Oh, gather 'round for the epic tale of Fred R. Coulter and his scrappy little Christian Biblical Church of God (CBCG)—the Armstrongist splinter that's basically "Herbert W. Armstrong’s Greatest Hits: Director’s Cut Edition, Now With Phrenology, Calendar Upgrades, and Fred Fixing the Bible That the King James Translators Were Too Stupid to Understand.!"
Meet the Man, the Myth, the Bump-Reader Extraordinaire
Fred R. Coulter, proud Ambassador College grad (theology BA, 1964), got ordained in 1965 and dutifully pastored WCG flocks across the U.S. Then, in a stunning 1979 pre-Tkach power move, he dramatically resigned with a “Call to Repentance” sermon, sounding the alarm on all those “sinful practices.” What a prophet! (Or just the guy who jumped ship early.)
By 1983, armed with a magnificent core group of seven whole believers plus himself, he founded CBCG in Hollister, California. Decades later, he’s still the president, chief sermonizer, book-peddler (Restoring the Original Bible, etc.), and all-around restorer of “original Christianity.” They reach “thousands” online and through tiny scattered fellowships. Truly inspiring... if “thousands” in a sea of aging, fragmenting Armstrongist groups counts as a booming success.

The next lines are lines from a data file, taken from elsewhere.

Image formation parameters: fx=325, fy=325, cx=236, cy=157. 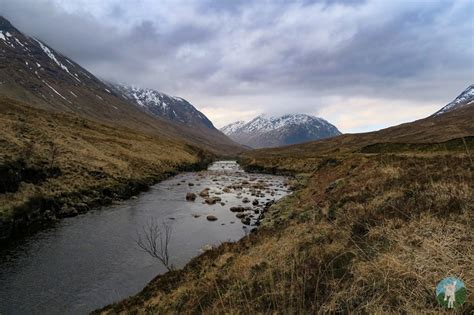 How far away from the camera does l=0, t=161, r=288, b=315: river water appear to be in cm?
1583

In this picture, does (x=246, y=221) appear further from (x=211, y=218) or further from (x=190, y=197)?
(x=190, y=197)

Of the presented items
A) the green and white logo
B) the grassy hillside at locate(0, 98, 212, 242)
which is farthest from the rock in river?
the green and white logo

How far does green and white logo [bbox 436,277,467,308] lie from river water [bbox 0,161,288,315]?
14857mm

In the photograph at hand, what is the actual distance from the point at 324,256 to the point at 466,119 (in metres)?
156

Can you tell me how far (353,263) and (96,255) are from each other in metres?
18.2

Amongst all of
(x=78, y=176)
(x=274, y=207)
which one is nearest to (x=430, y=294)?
(x=274, y=207)

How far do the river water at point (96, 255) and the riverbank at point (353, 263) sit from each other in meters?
3.63

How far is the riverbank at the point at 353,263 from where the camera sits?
5375 millimetres

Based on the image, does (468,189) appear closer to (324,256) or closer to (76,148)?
(324,256)

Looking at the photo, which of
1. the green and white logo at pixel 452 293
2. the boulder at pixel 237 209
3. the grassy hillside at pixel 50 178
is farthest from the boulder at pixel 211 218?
the green and white logo at pixel 452 293

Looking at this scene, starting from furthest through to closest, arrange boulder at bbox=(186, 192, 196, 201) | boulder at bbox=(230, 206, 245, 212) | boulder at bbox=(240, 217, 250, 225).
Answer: boulder at bbox=(186, 192, 196, 201), boulder at bbox=(230, 206, 245, 212), boulder at bbox=(240, 217, 250, 225)

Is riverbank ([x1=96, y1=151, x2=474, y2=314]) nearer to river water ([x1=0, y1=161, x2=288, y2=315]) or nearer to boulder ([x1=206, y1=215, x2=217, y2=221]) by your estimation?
river water ([x1=0, y1=161, x2=288, y2=315])

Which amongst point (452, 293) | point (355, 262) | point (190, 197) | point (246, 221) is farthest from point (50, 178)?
point (452, 293)

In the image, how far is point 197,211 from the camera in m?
34.3
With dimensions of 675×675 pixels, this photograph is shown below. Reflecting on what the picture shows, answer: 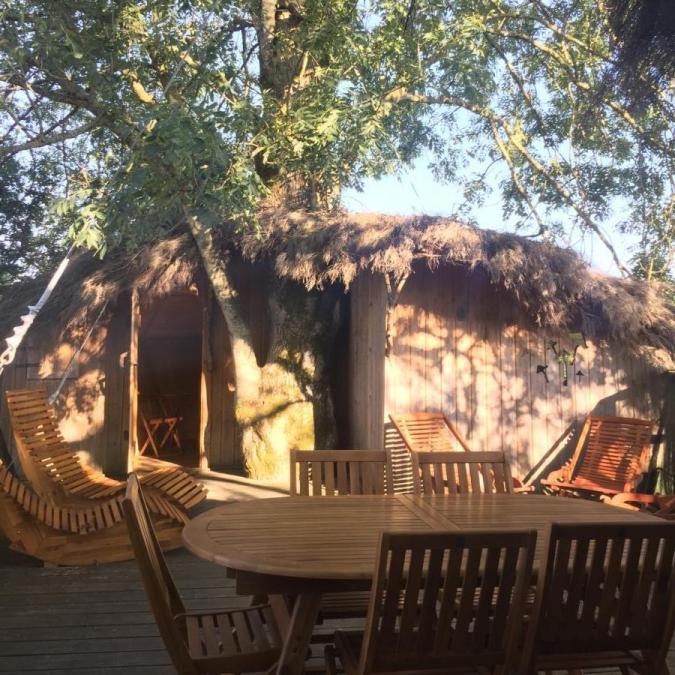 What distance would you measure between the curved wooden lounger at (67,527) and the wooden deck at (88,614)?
0.31 ft

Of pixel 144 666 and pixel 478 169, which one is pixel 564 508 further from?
pixel 478 169

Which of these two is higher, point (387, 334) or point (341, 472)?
point (387, 334)

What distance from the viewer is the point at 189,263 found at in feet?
24.1

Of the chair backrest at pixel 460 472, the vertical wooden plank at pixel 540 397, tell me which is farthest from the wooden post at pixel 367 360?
the chair backrest at pixel 460 472

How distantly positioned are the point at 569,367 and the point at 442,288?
1668mm

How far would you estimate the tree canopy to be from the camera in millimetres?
5742

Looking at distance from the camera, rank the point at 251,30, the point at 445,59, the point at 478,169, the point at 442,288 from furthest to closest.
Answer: the point at 478,169 → the point at 251,30 → the point at 445,59 → the point at 442,288

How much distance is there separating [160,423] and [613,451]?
6479 mm

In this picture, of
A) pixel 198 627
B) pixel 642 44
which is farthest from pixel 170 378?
pixel 642 44

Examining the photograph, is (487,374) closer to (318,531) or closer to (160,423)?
(318,531)

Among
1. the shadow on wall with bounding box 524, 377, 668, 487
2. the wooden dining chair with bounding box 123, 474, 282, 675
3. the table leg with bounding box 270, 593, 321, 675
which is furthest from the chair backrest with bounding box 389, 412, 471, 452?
the table leg with bounding box 270, 593, 321, 675

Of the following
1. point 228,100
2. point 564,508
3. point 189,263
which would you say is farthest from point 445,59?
point 564,508

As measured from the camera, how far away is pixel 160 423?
10.1 meters

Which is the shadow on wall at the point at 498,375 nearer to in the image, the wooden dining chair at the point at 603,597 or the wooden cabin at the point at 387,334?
the wooden cabin at the point at 387,334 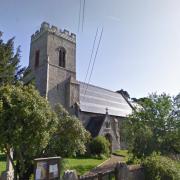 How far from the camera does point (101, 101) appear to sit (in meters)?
40.9

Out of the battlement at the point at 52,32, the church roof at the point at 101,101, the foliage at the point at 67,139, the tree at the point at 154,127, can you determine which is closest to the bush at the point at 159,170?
the foliage at the point at 67,139

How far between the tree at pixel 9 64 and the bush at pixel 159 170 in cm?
1755

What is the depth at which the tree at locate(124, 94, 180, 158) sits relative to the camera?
20.1m

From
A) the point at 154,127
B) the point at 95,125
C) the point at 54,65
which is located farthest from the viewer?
the point at 54,65

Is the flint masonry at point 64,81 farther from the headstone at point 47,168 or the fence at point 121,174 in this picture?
the headstone at point 47,168

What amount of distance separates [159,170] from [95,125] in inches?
882

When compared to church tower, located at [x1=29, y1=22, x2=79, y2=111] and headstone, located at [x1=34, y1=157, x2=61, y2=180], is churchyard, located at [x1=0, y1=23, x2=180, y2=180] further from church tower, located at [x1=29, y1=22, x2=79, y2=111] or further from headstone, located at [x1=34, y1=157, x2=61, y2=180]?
church tower, located at [x1=29, y1=22, x2=79, y2=111]

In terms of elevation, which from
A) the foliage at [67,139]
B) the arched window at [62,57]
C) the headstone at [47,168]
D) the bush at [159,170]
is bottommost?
the bush at [159,170]

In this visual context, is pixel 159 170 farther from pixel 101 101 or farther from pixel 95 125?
pixel 101 101

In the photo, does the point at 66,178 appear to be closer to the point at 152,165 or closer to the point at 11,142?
the point at 11,142

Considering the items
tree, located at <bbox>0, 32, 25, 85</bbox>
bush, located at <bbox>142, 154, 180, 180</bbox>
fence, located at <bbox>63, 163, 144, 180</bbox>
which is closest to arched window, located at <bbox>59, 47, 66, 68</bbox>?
tree, located at <bbox>0, 32, 25, 85</bbox>

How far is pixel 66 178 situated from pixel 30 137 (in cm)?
341

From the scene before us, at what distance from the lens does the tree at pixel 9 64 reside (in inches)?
956

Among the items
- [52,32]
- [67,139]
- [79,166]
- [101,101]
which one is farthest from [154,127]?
[52,32] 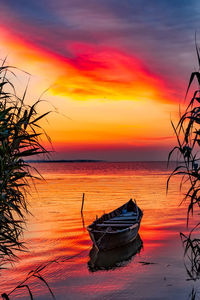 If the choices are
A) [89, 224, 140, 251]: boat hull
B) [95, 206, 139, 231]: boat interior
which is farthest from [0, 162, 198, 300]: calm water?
[95, 206, 139, 231]: boat interior

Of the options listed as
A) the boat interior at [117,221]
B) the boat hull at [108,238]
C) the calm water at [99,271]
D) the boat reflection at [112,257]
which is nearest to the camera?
the calm water at [99,271]

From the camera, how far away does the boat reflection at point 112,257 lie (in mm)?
16008

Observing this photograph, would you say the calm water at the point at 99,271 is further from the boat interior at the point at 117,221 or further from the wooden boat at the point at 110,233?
the boat interior at the point at 117,221

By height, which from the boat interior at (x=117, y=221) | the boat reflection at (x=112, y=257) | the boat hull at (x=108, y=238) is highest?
the boat interior at (x=117, y=221)

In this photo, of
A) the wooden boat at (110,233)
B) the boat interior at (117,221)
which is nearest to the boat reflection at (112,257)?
the wooden boat at (110,233)

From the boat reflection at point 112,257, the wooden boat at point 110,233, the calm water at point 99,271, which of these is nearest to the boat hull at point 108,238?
the wooden boat at point 110,233

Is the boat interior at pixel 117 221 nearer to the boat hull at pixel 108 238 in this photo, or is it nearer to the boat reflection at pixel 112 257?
the boat hull at pixel 108 238

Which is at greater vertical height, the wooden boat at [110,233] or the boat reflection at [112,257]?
the wooden boat at [110,233]

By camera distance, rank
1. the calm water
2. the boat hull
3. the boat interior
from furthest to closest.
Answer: the boat interior
the boat hull
the calm water

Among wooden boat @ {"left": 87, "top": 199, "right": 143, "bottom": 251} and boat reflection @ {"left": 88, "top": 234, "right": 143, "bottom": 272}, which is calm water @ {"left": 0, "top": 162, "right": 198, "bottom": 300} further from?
wooden boat @ {"left": 87, "top": 199, "right": 143, "bottom": 251}

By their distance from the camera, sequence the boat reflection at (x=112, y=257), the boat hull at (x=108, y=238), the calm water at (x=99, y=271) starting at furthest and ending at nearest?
1. the boat hull at (x=108, y=238)
2. the boat reflection at (x=112, y=257)
3. the calm water at (x=99, y=271)

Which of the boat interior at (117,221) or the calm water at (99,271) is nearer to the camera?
the calm water at (99,271)

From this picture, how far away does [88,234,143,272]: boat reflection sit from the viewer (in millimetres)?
16008

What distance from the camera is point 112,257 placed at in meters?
17.3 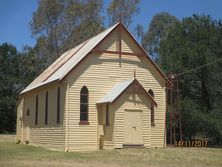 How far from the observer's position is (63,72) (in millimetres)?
33656

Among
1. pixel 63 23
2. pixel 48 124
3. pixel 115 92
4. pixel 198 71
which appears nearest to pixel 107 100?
pixel 115 92

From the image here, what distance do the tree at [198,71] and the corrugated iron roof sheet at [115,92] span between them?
1295 centimetres

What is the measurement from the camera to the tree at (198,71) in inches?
1780

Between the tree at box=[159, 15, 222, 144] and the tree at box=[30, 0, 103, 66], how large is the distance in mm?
15740

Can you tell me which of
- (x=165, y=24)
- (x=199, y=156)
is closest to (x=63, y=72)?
(x=199, y=156)

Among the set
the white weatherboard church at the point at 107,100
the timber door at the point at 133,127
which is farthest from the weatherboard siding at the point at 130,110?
the timber door at the point at 133,127

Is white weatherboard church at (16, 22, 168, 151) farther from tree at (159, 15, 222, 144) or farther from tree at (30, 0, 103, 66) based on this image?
tree at (30, 0, 103, 66)

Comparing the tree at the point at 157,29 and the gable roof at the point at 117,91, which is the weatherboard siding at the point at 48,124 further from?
the tree at the point at 157,29

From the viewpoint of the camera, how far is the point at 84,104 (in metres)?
33.4

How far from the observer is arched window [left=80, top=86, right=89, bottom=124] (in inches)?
1313

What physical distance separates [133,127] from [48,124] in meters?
7.06

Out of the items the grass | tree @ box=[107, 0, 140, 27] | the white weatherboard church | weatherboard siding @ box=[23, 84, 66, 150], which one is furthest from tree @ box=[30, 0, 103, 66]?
the grass

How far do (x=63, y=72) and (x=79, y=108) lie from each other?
9.40ft

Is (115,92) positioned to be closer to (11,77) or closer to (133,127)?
(133,127) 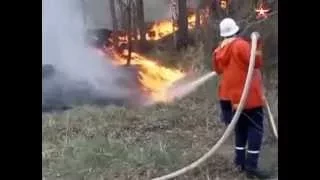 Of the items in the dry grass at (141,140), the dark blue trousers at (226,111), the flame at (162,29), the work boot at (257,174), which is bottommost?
the work boot at (257,174)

Armstrongism 2.0: Now With Extra Pseudoscience and Bible Redos!
Classic package: Sabbath, Holy Days (Fred’s special “corrected” Hebrew calendar edition, because God’s original timing needed a tune-up), binitarian God-family theology, gentle tithing nudges, and that cozy “we’re the tiny elite flock while everyone else is apostate” glow. They wisely ditched the brutal top-down hierarchy (lessons learned from WCG’s spectacular crash) for local elders and “voluntary” vibes. So humble. So not-a-cult.
But wait—there’s more! Fred’s signature flair includes a documented soft spot for phrenology—that gloriously outdated 19th-century party trick of feeling skull bumps to diagnose character defects and spiritual oopsies. Because what better way to restore first-century Christianity than by channeling Victorian quack doctors? Nothing says “apostolic purity” like giving congregants a cranial exam instead of, you know, just praying or opening the actual Bible.
And then there’s the pièce de résistance: Fred had to redo the entire Bible because those poor, bumbling King James translators were apparently too dim to get it right. Those 1611 scholars with their “thee”s and “thou”s just couldn’t handle the job, so Brother Coulter stepped in like the theological superhero we didn’t know we needed. Behold—The Holy Bible In Its Original Order: A Faithful Version! He reordered all the books to his preferred “original” sequence, translated everything fresh from the Hebrew and Greek (with a little help), and clarified all those “problematic passages” the KJV idiots messed up.
It retains the KJV’s grandeur... while quietly fixing its many errors, of course. Because nothing screams humility like one guy declaring, “Move over, centuries of scholarship—Fred’s got this.” Perfect for the group that already knows better than mainstream Christianity on pretty much everything.
The Dangers of Signing Up for This Rapidly Shrinking Splinter Cult
If your spiritual needs include legalism, prophecy doom-scrolling, potential family rifts, and the warm fuzzy of being told you’re special while tithing into a tiny operation, CBCG could be your next adventure. Just don’t count on a thriving social scene—these Armstrong offshoots are mostly quietly graying out as members age and the internet keeps splintering the remnants.
Standard warnings apply: isolation tendencies, “us vs. the deceived world” superiority, a works-heavy “different gospel” that critics (and many ex-members) say distorts grace, plus the usual spiritual abuse red flags. Layer on the phrenology sessions and the “I had to rewrite the Bible because everyone before me was incompetent” energy, and you’ve got a doctrine combo that’s equal parts earnest and delightfully eccentric.
Ex-member sites highlight the control dynamics, the pressure to conform, and that perpetual feeling of never quite measuring up to Fred’s restored truth. With the group steadily shrinking like the rest of the COG diaspora, you might end up in a very intimate (read: microscopic) echo chamber as the founder advances in years.
Pro tip: Before committing to the skull-measuring appointments and the “Fred’s Bible Only” reading plan, try some independent study. Ask yourself if true “original Christianity” really needs phrenology charts and one man’s upgraded KJV correction. The apostles somehow survived without either. Welcome to the wonderful world of COG splinters—where the doctrines are restored, the calendars are perfected, the heads are palpated, and the Bible finally gets the Fred Coulter treatment it so desperately needed. What could possibly go wrong?